Capitalism, Communitarianism, Contradictions and Cosmic Consciousness

Capitalism: A system that incentivizes productivity, transactional relationships, competition, efficiency, and consumption

Communitarianism: A system that values traditions and relationships based on feelings, sometimes at the cost of candor

Contradictions: Life is grayer than we’d like

Cosmic Consciousness: An external reality and inner possibility


A Young Capitalist


In 1954. I made my first investment in stock 1957. I was 13 years old. A man I sat next to on an airplane told me about his company, American Maize. He was working on a way to use a liquid version of corn as an alternative to plastic to coat vegetables for sale in grocery stores. I liked the idea. A year or so earlier I’d read How to Buy Stocks, a book that was distributed for free by Merrill-Lynch, and I used savings from various gifts and a little bit of work to buy the stock.

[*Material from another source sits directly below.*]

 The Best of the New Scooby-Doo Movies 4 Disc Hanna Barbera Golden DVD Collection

Engaging in “high finance,” even at the age of 13, came naturally to me.

My family owned a furniture store in Louisville KY.


Source: R.G. Potter Collection

The Sales Furniture Company was always overshadowed by the beautiful Bensinger’s furniture store building next door, and even today, 60+ years after its closing, I still find it necessary to point out that our store stretched over three buildings while Bensinger’s was contained in only one.

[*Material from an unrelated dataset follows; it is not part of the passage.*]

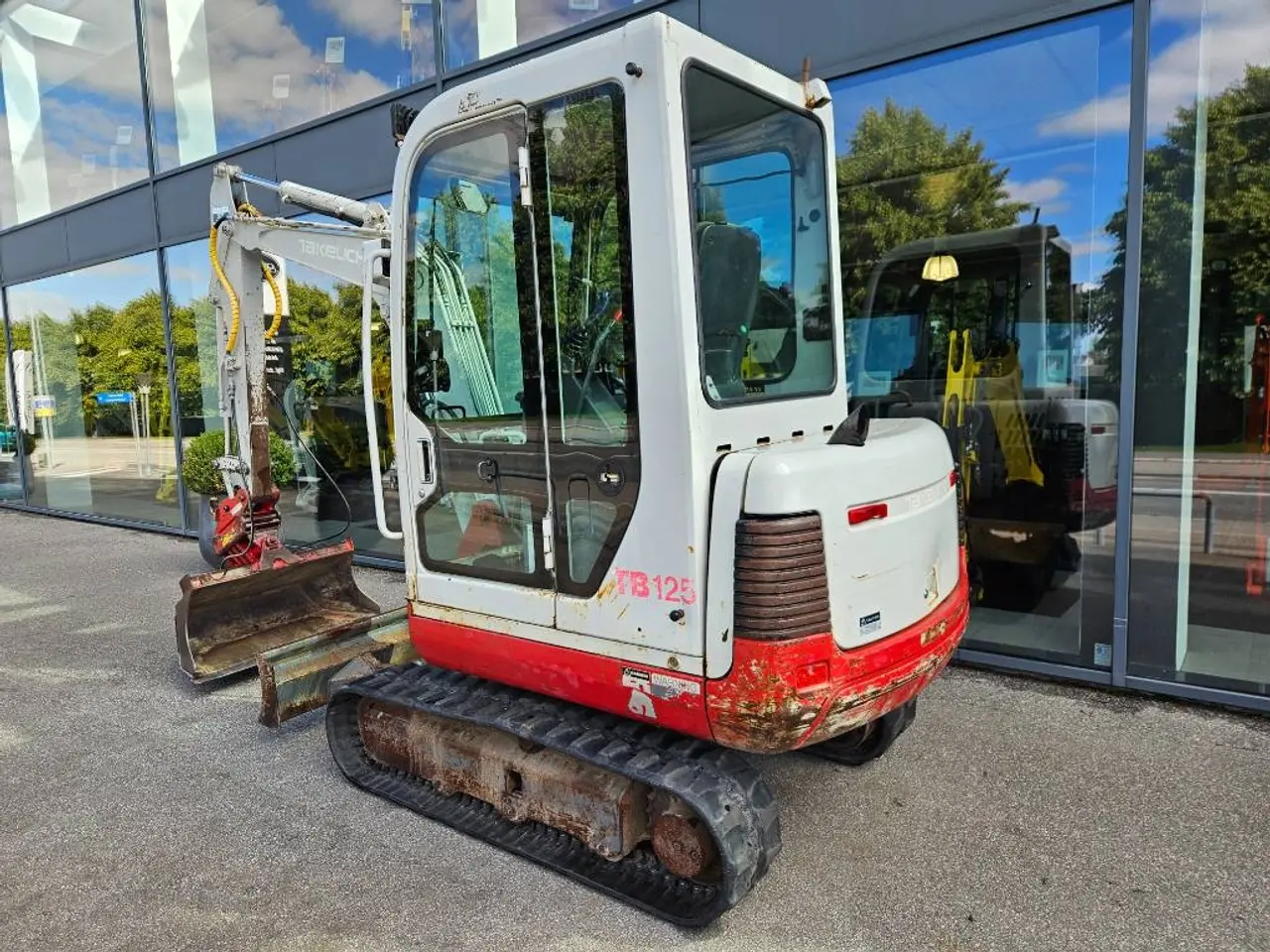 Billede 6 - Takeuchi TB 125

Yet another aspect of my competitiveness that one would think I would outgrow!


In any event, I grew up in a small business owning context. In fact, in the six generations my family has lived in the United States, entrepreneurship has been a constant theme. So, it seemed completely natural for me to develop an interest in the financial markets. That interest (and my family’s relatively privileged circumstances) led me to the University of Pennsylvania’s Wharton School, where I had every intention of become a securities analyst and investment advisor.

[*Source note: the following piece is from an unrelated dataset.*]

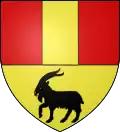 Blason de Châteauneuf-le-Rouge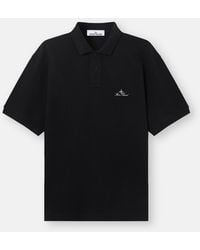 Stone Island - 2200002 50/2 Organic Cotton Piqué - Lyst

I did that kind of work over the summers while at school and for a year thereafter.


A Conspiracy of Circumstances


However, Ho Chi Minh, Dr. King, the Kennedy Brothers, and Bob Dylan seemed to gang up on me as the 60s unfolded, and they’ve never let me go.


Ho had the audacity to beat the bejeezus out of the USA, which was murdering thousands of people in a place called Vietnam where it had no business being and upended my life plans.


Source: Nick Ut
Even though that racist assassinated him, Dr. King walked right through that door labeled “Segregation Now! Segregation Tomorrow! Segregation Forever!” and became a model to me of what a real man looks like.
Dr. Martin Luther King, Jr. Memorial
George Wallace Standing in the Schoolhouse Door












Every time I listen to John and Bobby Kennedy speak in my mind’s ear, I moan at the thought of the future America was denied by those “murders most foul.”










Dion sums up the way I feel about those three martyrs (and another one) in Abraham, Martin & John.


Mix in the abracadabra of lysergic acid diethylamide (LSD) and Dylan taking me disappearing through the smoke rings of my mind with all the other turbulence of that era, and, Shazam!, you get an Anthropocean, who carries the name given to him at birth but finds himself a long way from the furniture store he used to call home.


Like many others, I’ve bathed in a variety of streams that all seem to pour into and then out of the same head. I’ve learned from each of them. They bang and jangle and harmonize with each other. I’m trying to put my reflections on the various elements together into something that’s relevant to being in the Anthropocene.


The Banality of Capitalism and the Heart of Communitarianism


Realizing that the United States was as willing to make me and hundreds of thousands of other young men cannon fodder in 1968 just as Putin is today with young boys on Ukraine’s killing fields made me a harsh critic of capitalism.


The core of winner-take-all capitalism is rotten. Everything is commoditized. Everything has a price, and everyone has h/er price. Every action is instrumental toward some other objective. All relationships are transactional. Nothing is valued for what it is in and of itself. Nothing is stable, immutable, timeless, sacred.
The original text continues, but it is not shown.